The information obtained by the sensor is mainly associated with the LST. We solve Equation (8) for the NSAT considering the LSE and LST as prior knowledge. The process is similar to the inversion calculation of the LST and LSE described above, but the two parameters are simultaneously used as the input information. Table 6 summarizes the retrieval errors of the NSAT for different models.
Figure 6 shows the distribution of the NSAT inversion errors when the three models are the most accurate. The NSAT retrieval accuracies of the models are high. Model 2 (20, 22, 23, 29, 31, 32, LSE, LST) achieves the highest retrieval accuracy (MAE and RMSE of 0.78 K and 0.89 K, respectively), followed by Models 1 (29, 31, 32, WVC, LSE, LST) and 3 (29, 31, 32, 33, LSE, LST), which have MAE and RMSE values of 0.89 K and 1.13 K, respectively, and 1.01 K and 1.26 K, respectively. A comparison of Models 1 and 3 shows that the NSAT retrieval accuracy can be improved by replacing band 33 with the water vapor band information. The retrieval accuracy is different for different band combinations, and the optimal combination must be selected considering the band settings of thermal infrared instruments in specific applications.

4.2. Practical Validation and Analysis

The simulated data mainly represent the solutions of physical methods. To make the inversion more representative, we supplement the high-precision solutions of the corresponding statistical methods. Section 2.2 and Section 3.3 describe the methods to obtain the solutions of the statistical method. The inversion calculation and accuracy after the simulation data are supplemented with statistical data are similar to those of the analysis presented in Section 4.1 and are thus not repeated. Overall, the previous sections describe the NSAT inversion method in which the LST and LSE are used as prior knowledge and DL is coupled with physical and statistical methods.
The study area in this analysis is the North China Plain region (Figure 7), which is one of the three major plains in China and ranges from 32°–40° N and 114°–121° E. The area is a typical alluvial plain with a flat terrain that facilitates transportation, and it contains many rivers and lakes. The North China Plain is a developed agricultural region in China and experiences a temperate monsoon climate. Many ground observations regarding this area are available, which is conducive to analyzing the inversion results.
Two MODIS images are used to demonstrate the PS-DL inversion application. The dates of the Terra/MODIS and Aquia/MODIS images are 14 October 2014 and 1 August 2018 (nighttime), respectively. Mid-infrared data (bands 20, 22, and 23), thermal infrared data (bands 29, 31, 32, and 33), and WVC data (obtained by bands 2, 5, 17, 18, and 19 retrieval) are used as the input parameters for the PS-DL. The inversion process of the surface temperature and emissivity has been described by Mao et al. (2007) and Wang et al. (2021).
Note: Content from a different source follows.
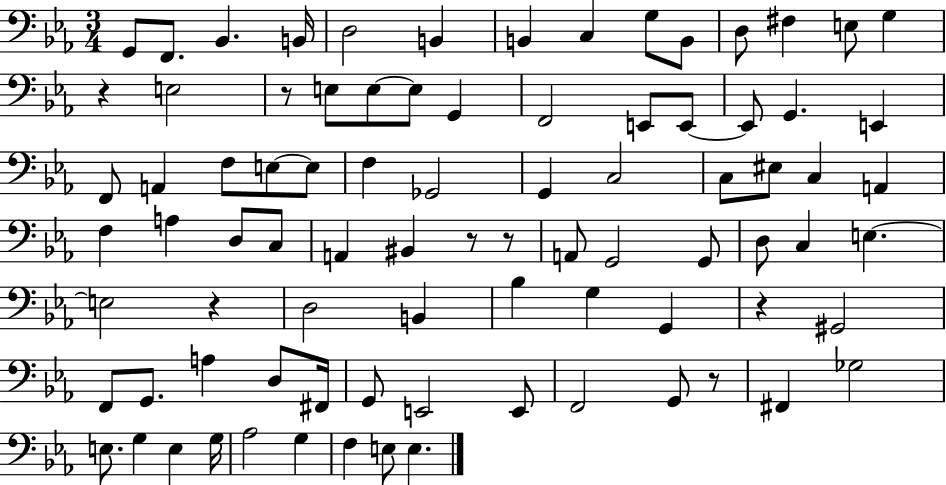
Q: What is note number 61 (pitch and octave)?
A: D3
In this study, the NSAT inversion results are presented.
Figure 8 and Figure 9 show that the overall distribution of the NSAT retrieved by the PS-DL method is similar to the distribution pertaining to the ERA5-Land products. In addition, Figure 10 and Figure 11 show that the differences between the ERA5-Land products and NSAT retrieved by the PS-DL method range from −2 K to 2 K. As shown in Figure 8, the differences in the NSAT retrieval results and ERA5-Land products are significant in certain regions that are mainly agricultural production areas. These differences can be explained by the following aspects: Straw burning occurs after the autumn harvest in the North China Plain in October, and the LSE varies, which influences the NSAT retrieval results. The MAE and RMSE for Models 1 and 3 are 1.18 K and 1.52 K, respectively, and 1.61 K and 1.90 K, respectively. A comparison of the two inversion modes shows that replacing the band 33 information with water vapor information allows the DL to capture more information and improve the retrieval accuracy. As shown in Figure 10 and Figure 11, the NSAT retrieved by Model 2 is the closest to the ERA5-Land products, with the MAE and RMSE being 0.89 K and 1.18 K, respectively. The NSAT retrieval accuracy of Model 3 is slightly worse (MAE and RMSE of 1.33 K and 1.65 K, respectively). The use of more band information helps increase the inversion accuracy. In practical applications, the appropriate combination must be selected according to the specific thermal infrared sensor.
To further evaluate the accuracy of the PS-DL method, the retrieved NSAT is cross-validated against the China Meteorological Forcing Dataset (CMFD). The temporal resolution of this dataset is 3 h, and we evaluate the model accuracy by interpolating the CMFD products with the MODIS imaging time as the base. Figure 12, Figure 13, Figure 14 and Figure 15 show the comparison of the inversion results. In the daytime and nighttime scenarios, Model 1 (MAE and RMSE of 1.46 K and 1.91 K, respectively) and Model 2 (MAE and RMSE of 1.00 K and 1.29 K, respectively) exhibit the highest retrieval accuracies, respectively. Most of the retrieval errors are concentrated between −2 K and 2 K. The cross-validation accuracy with the CMFD product is slightly lower than that of the ERA5-Land product, attributable to the temporal resolution (3 h) for CMFD products. In certain regions, the use of linear interpolation may lead to increased errors. The cross-validation results demonstrate the potential of the PS-DL method in retrieving the NSAT. The inversion error at the junction of water and land is large, attributable to the presence of mixed pixels. Additionally, the energy exchange at the junction of water and land is different from that in the other locations. Therefore, the training data for these regions must be supplemented.
Moreover, we verify the PS-DL performance against ground measured data. The ground verification data are based on ground meteorological observation points in a flat terrain with a single surface type. In situ data acquired in clear sky conditions are compared with the NSAT inversions from Models 1–3. As shown in Figure 16, the MAE and RMSE are, respectively, 1.44 K and 1.63 K for Model 1 and 1.21 K and 1.33 K for Model 2. In the case of Model 3, the inversion accuracy for the nighttime is higher than that for the daytime.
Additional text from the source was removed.